→ **What to produce**
Pictures within the data are to be left out; everything else must be reproduced exactly.

→ **Given records**

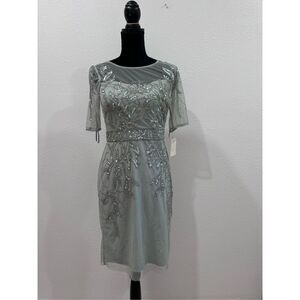 Papell Studio Beaded Cocktail Dress In Sage Green With Sequin Details size4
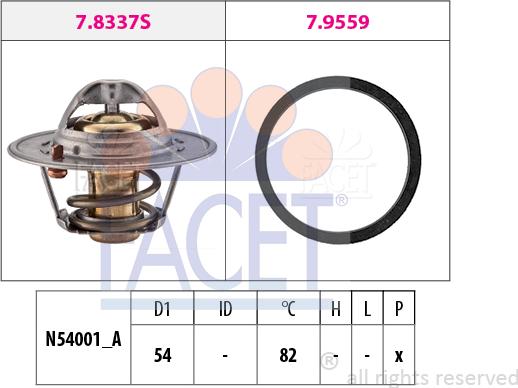 FACET 7.8667 - Coolant thermostat / housing www.autospares.lv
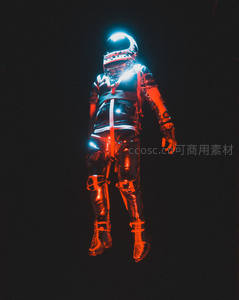 霓虹光影中的悬浮宇航员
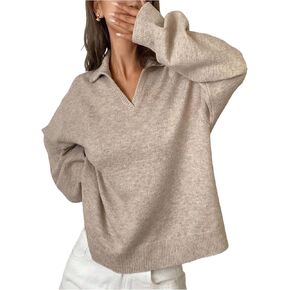 سترات Verdusa النسائية المريحة ذات المال القديم بلوفرات الخريف المحبوكة بياقة علوية كاجوال أنيقة in Kuwait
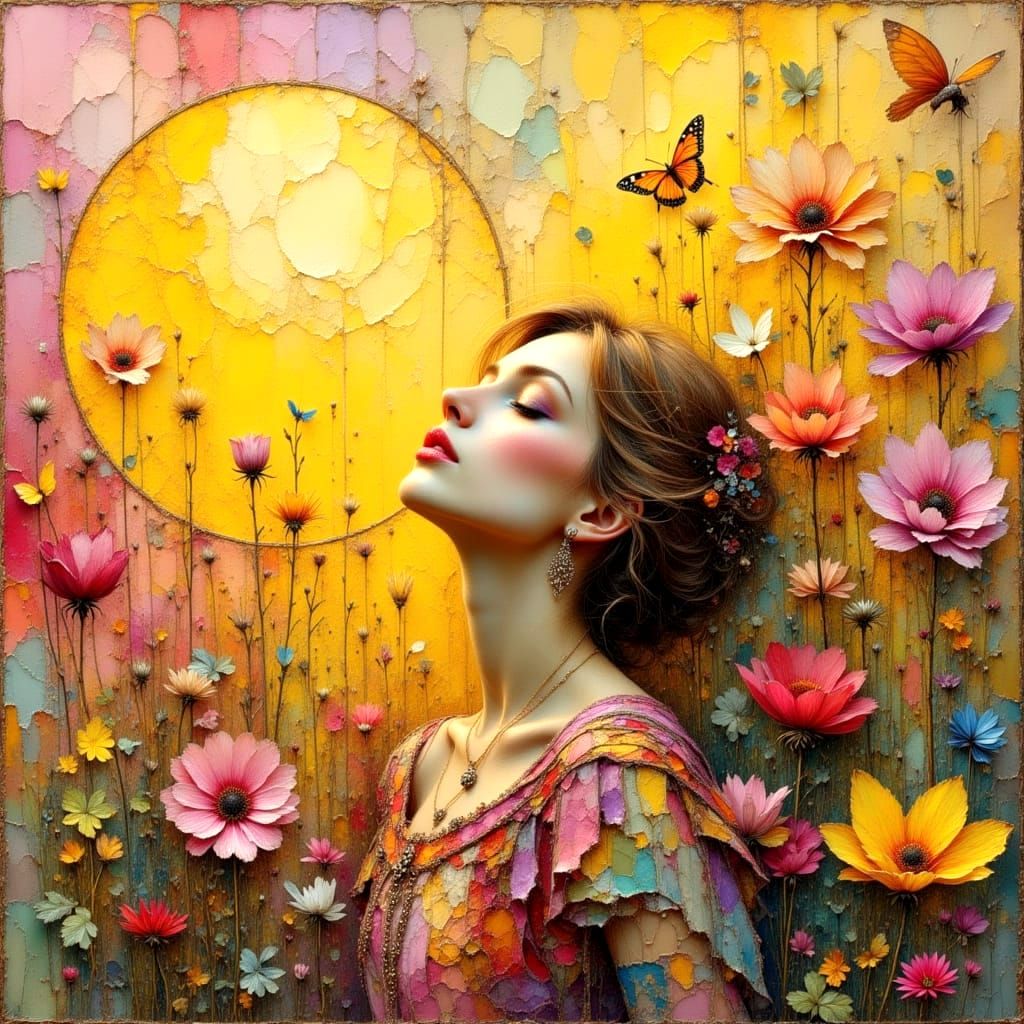 Serene Figure in Sunlight: Impasto Oil Painting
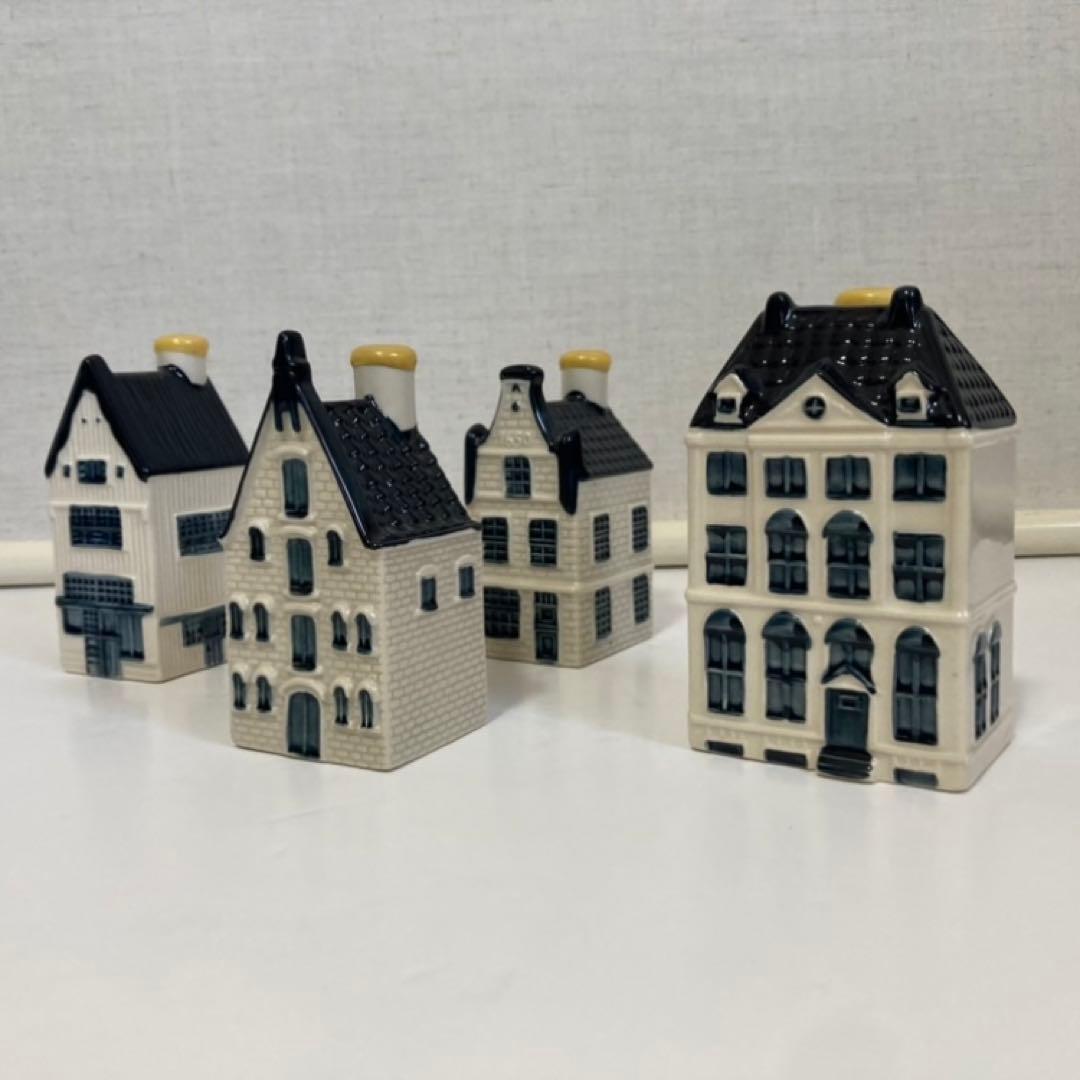 KLM オランダ航空 デルフトブルー ミニチュアハウス 家 陶器 4点 美品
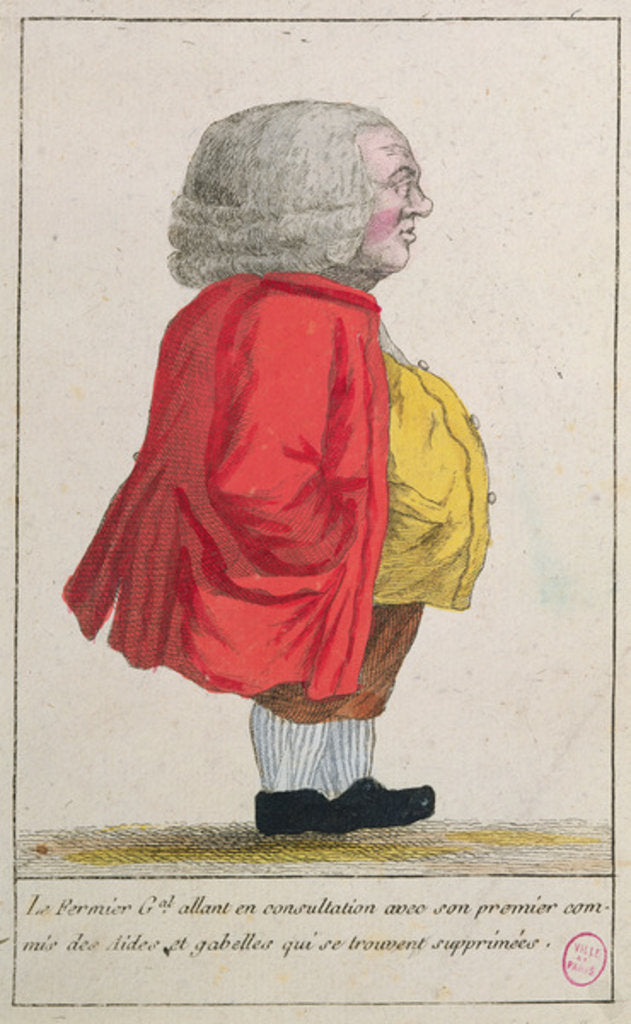 Detail of Caricature depicting the Farmer General going to consult with his chief civil servant in charge of welfare and taxes about their abolition by French School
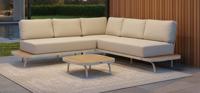 Porto lounge corner set oyster steel/acacia teak look Eurofar - Eurofar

→ **Exercise response**
 Papell Studio Beaded Cocktail Dress In Sage Green With Sequin Details size4
 FACET 7.8667 - Coolant thermostat / housing www.autospares.lv
 霓虹光影中的悬浮宇航员
 سترات Verdusa النسائية المريحة ذات المال القديم بلوفرات الخريف المحبوكة بياقة علوية كاجوال أنيقة in Kuwait
 Serene Figure in Sunlight: Impasto Oil Painting
 KLM オランダ航空 デルフトブルー ミニチュアハウス 家 陶器 4点 美品
 Detail of Caricature depicting the Farmer General going to consult with his chief civil servant in charge of welfare and taxes about their abolition by French School
 Porto lounge corner set oyster steel/acacia teak look Eurofar - Eurofar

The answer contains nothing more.